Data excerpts
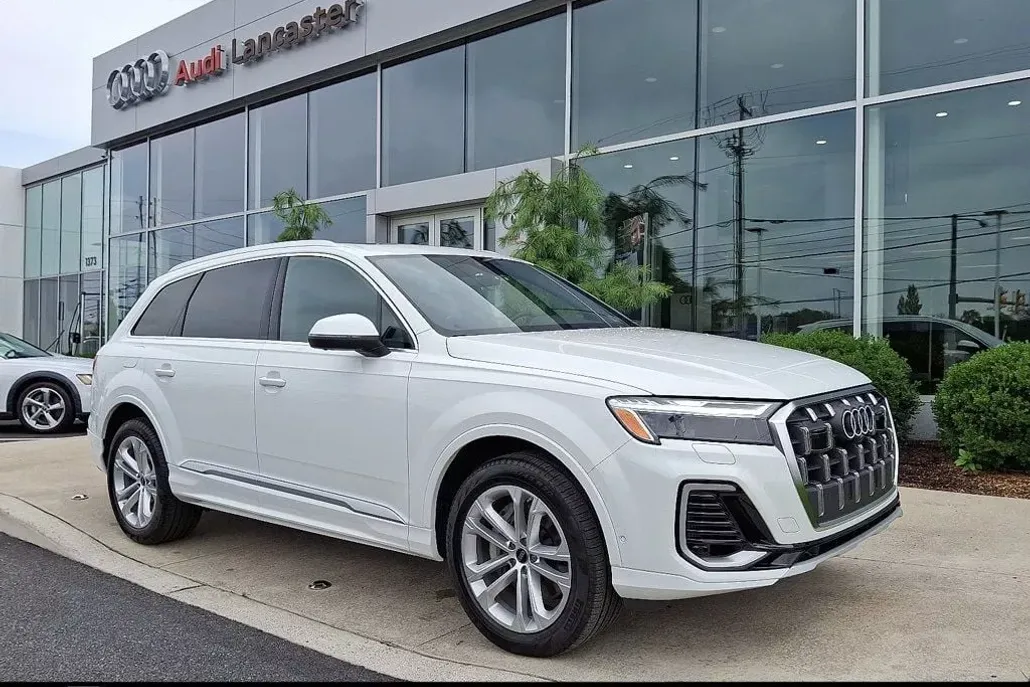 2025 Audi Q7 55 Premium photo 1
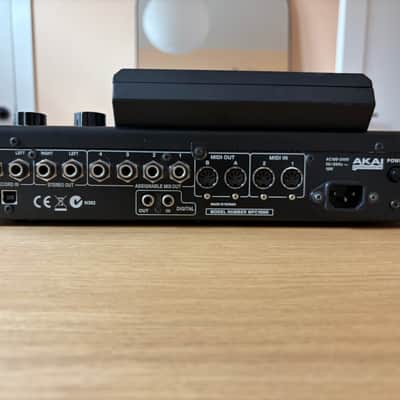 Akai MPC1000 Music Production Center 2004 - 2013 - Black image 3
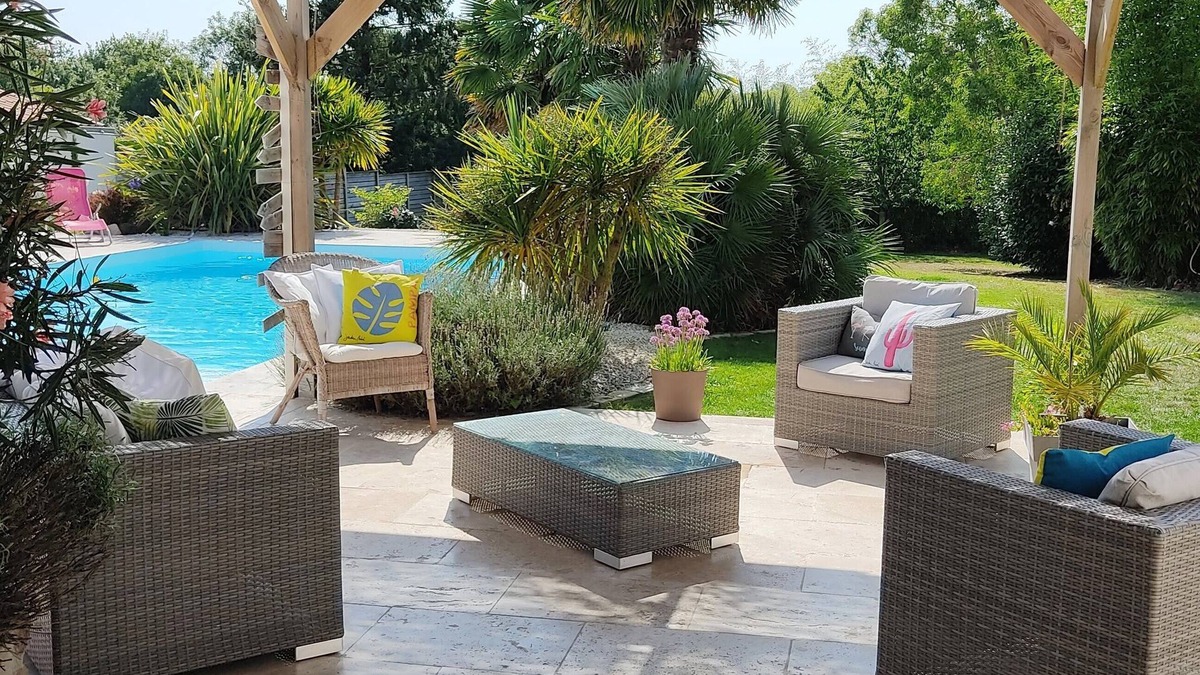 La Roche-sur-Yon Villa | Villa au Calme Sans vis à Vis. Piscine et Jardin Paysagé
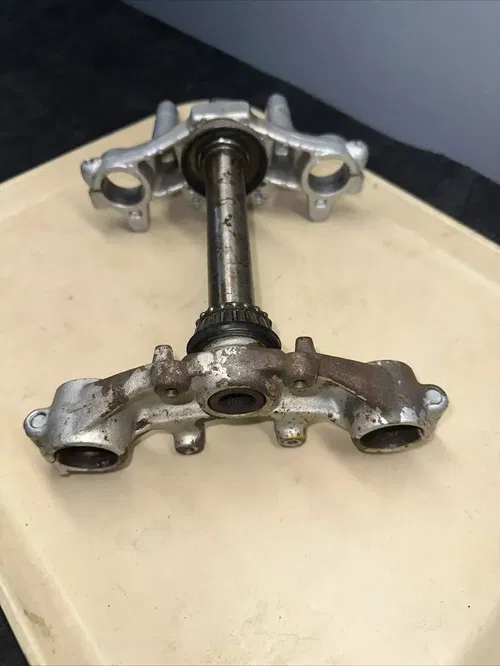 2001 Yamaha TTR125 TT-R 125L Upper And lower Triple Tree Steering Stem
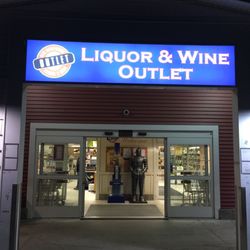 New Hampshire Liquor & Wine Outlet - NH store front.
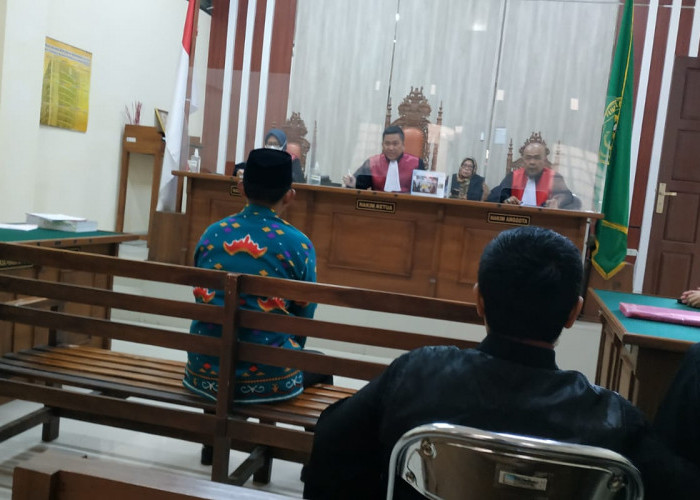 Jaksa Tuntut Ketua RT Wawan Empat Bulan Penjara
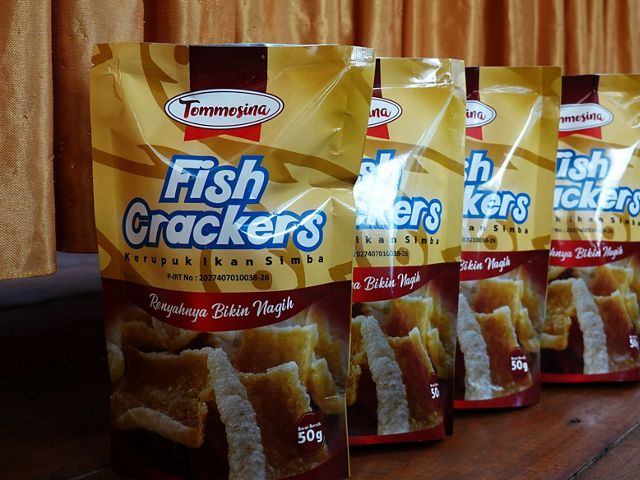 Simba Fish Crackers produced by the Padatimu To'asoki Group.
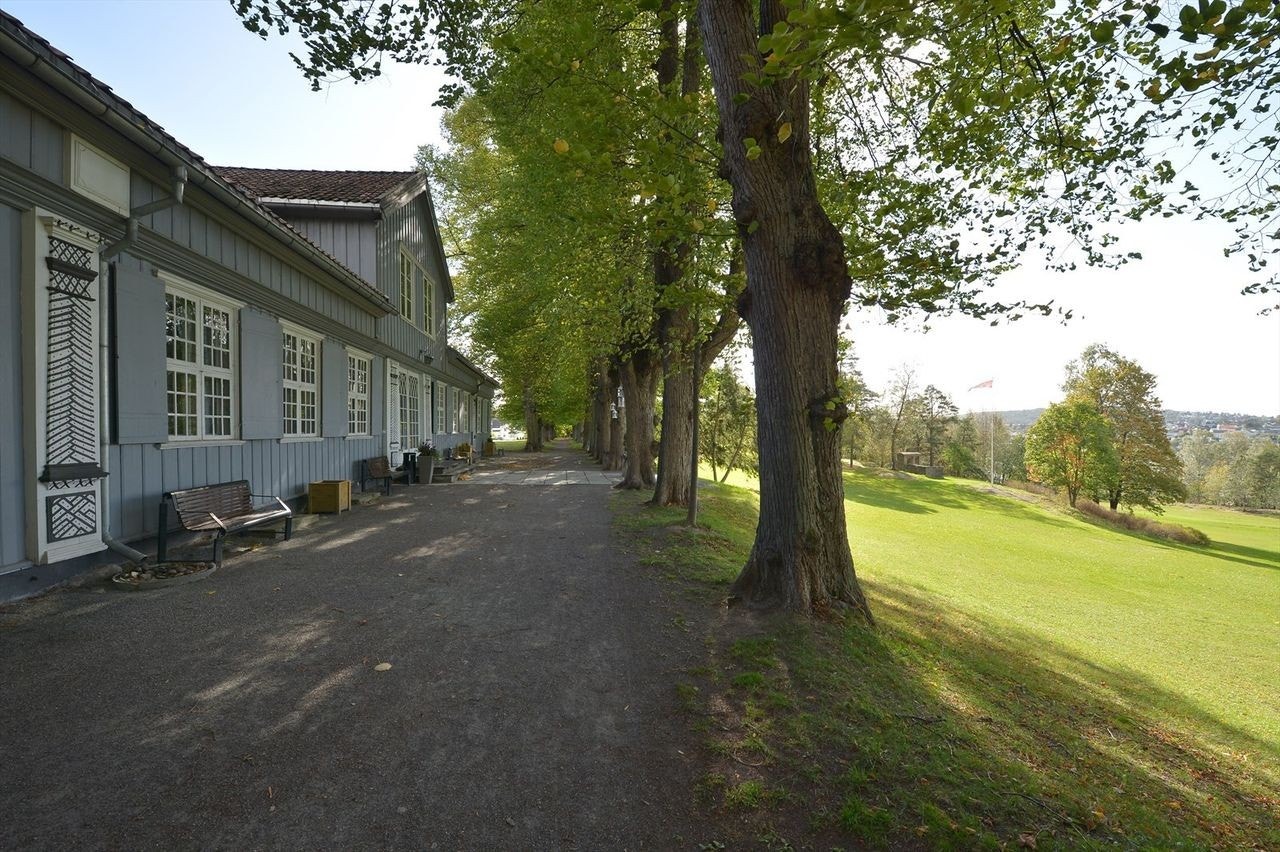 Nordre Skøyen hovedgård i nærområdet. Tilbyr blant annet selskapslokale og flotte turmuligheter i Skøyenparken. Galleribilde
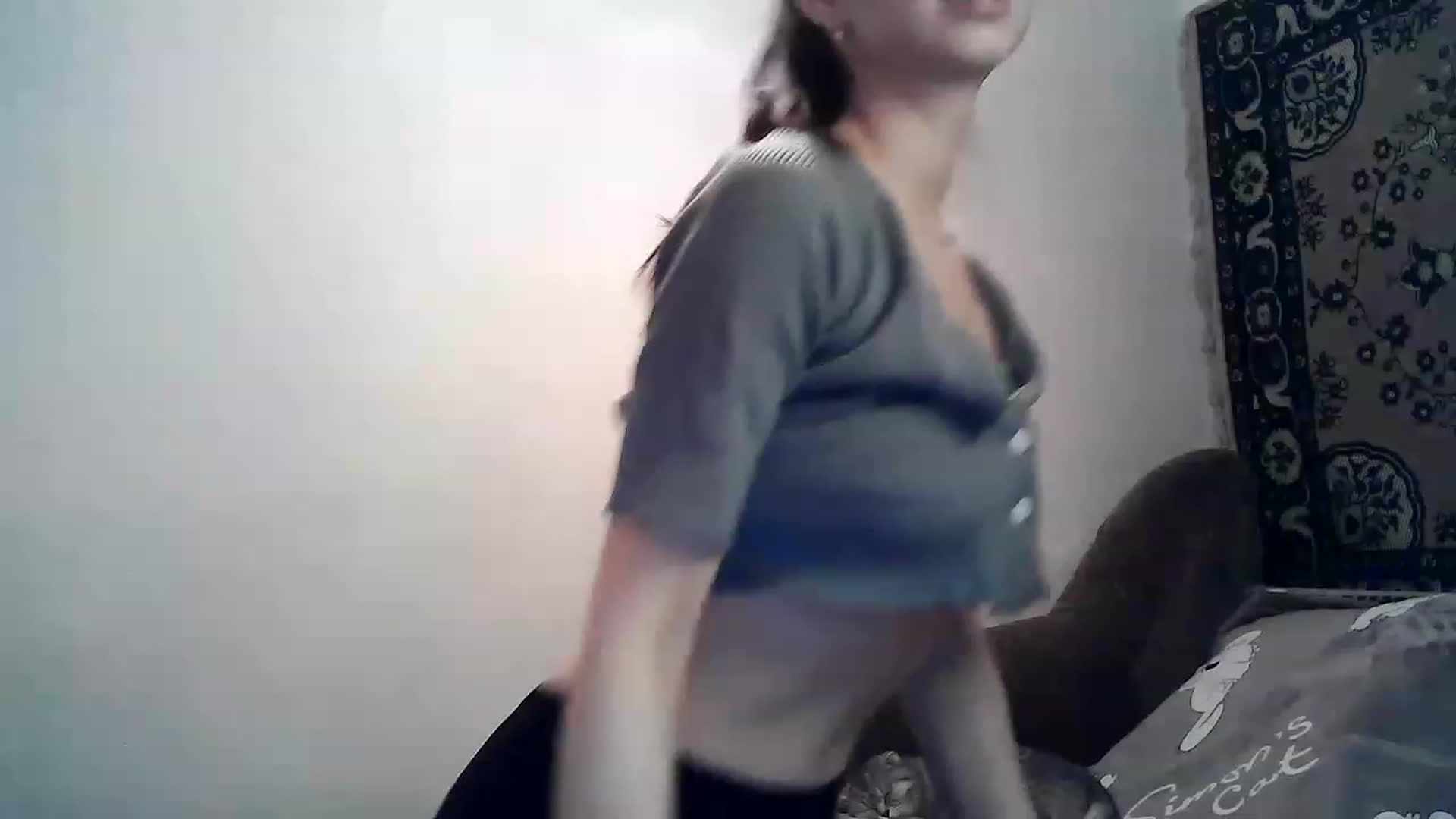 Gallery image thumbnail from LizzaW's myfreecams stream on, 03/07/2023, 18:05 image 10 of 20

| Brief |
Before printing anything, remove the pictures; then print all the records exactly.

| Answer to this problem |
 2025 Audi Q7 55 Premium photo 1
 Akai MPC1000 Music Production Center 2004 - 2013 - Black image 3
 La Roche-sur-Yon Villa | Villa au Calme Sans vis à Vis. Piscine et Jardin Paysagé
 2001 Yamaha TTR125 TT-R 125L Upper And lower Triple Tree Steering Stem
 New Hampshire Liquor & Wine Outlet - NH store front.
 Jaksa Tuntut Ketua RT Wawan Empat Bulan Penjara
 Simba Fish Crackers produced by the Padatimu To'asoki Group.
 Nordre Skøyen hovedgård i nærområdet. Tilbyr blant annet selskapslokale og flotte turmuligheter i Skøyenparken. Galleribilde
 Gallery image thumbnail from LizzaW's myfreecams stream on, 03/07/2023, 18:05 image 10 of 20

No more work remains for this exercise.